━━━━━ Data block ━━━━━

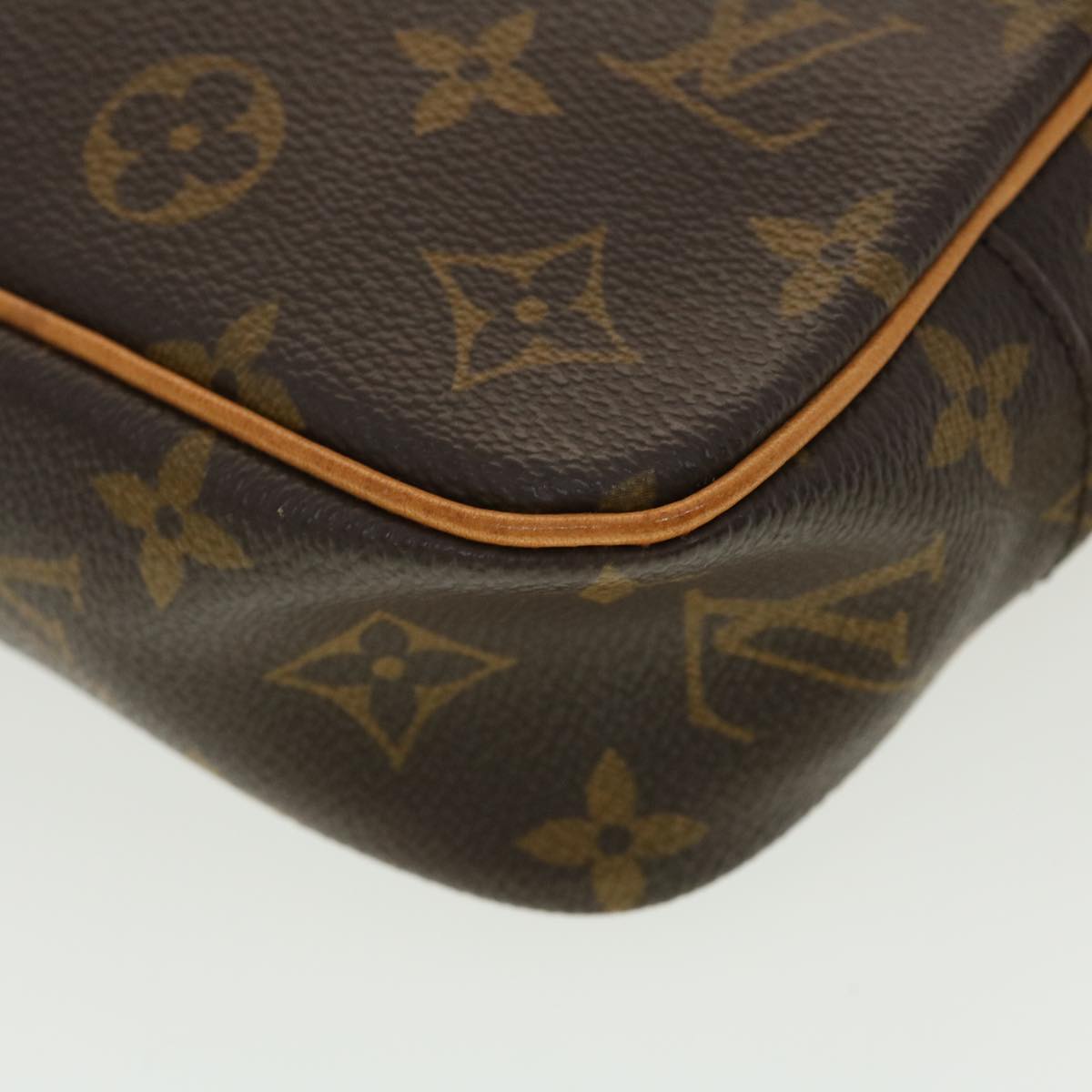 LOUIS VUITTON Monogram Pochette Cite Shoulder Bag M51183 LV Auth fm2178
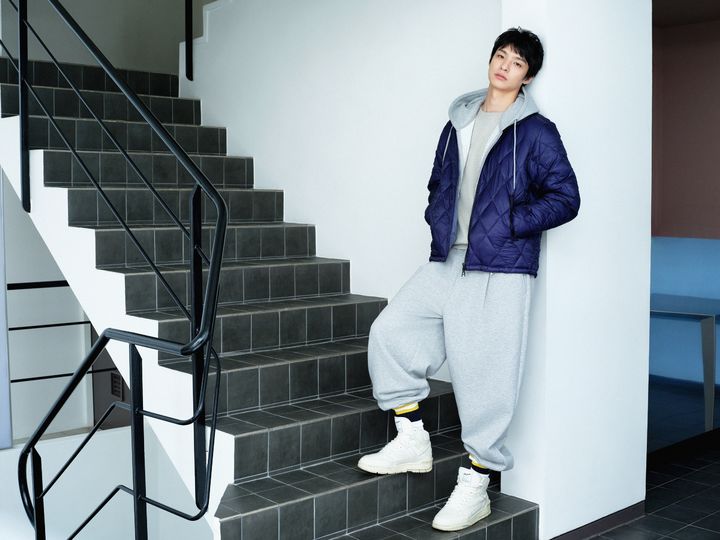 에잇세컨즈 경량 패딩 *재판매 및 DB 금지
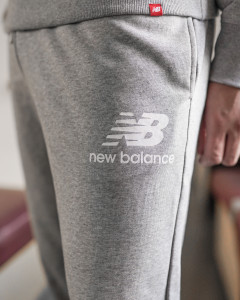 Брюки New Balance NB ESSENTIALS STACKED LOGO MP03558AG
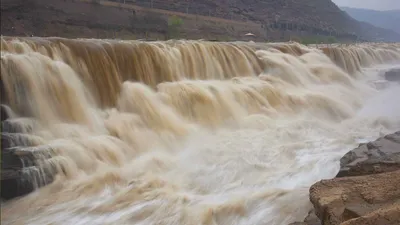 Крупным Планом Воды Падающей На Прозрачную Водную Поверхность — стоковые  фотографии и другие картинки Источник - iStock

━━━━━

Action item.
The expected answer is the whole listing above, copied exactly, with images excluded.

Solution.
 LOUIS VUITTON Monogram Pochette Cite Shoulder Bag M51183 LV Auth fm2178
 에잇세컨즈 경량 패딩 *재판매 및 DB 금지
 Брюки New Balance NB ESSENTIALS STACKED LOGO MP03558AG
 Крупным Планом Воды Падающей На Прозрачную Водную Поверхность — стоковые  фотографии и другие картинки Источник - iStock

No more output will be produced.